Brief -
Exact copies of all the entries are required, and no pictures should appear in them.

Dataset records -

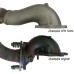 Downpipe em inox para Lancer Evolution X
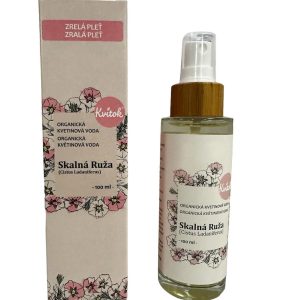 Kvitok Květová voda - skalní růže BIO - 100 ml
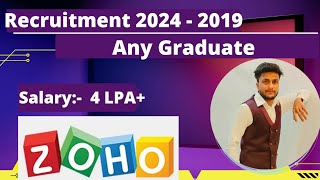 Zoho Mass Hiring For 2024 2023 2022 Batch  Zoho Recruitment 2024  Off Campus Drive for 2025 Batch [upl. by Most545]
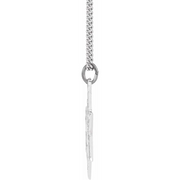Sterling Silver 20x18 mm Star of David 18" Necklace-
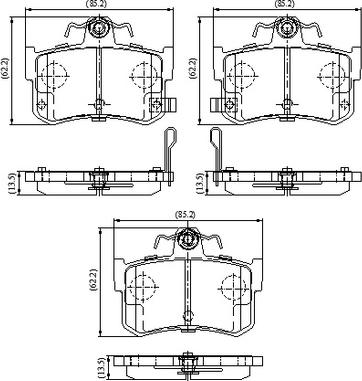 National NP3097 - Тормозные колодки, дисковые, комплект autodnr.net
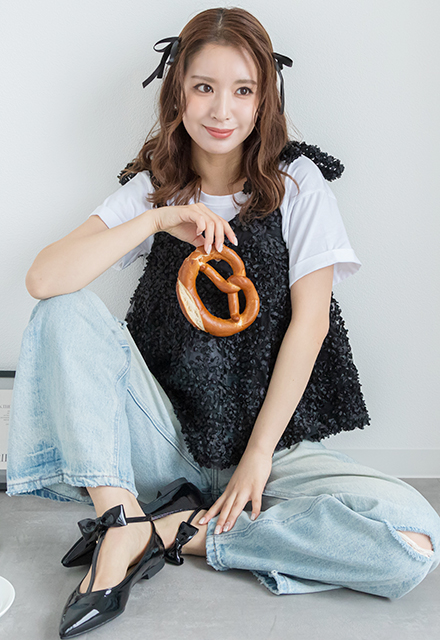 フロストフラワーライクリボンキャミ【7i-831-04467】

Completed exercise -
 Downpipe em inox para Lancer Evolution X
 Kvitok Květová voda - skalní růže BIO - 100 ml
 Zoho Mass Hiring For 2024 2023 2022 Batch  Zoho Recruitment 2024  Off Campus Drive for 2025 Batch [upl. by Most545]
Sterling Silver 20x18 mm Star of David 18" Necklace-
 National NP3097 - Тормозные колодки, дисковые, комплект autodnr.net
 フロストフラワーライクリボンキャミ【7i-831-04467】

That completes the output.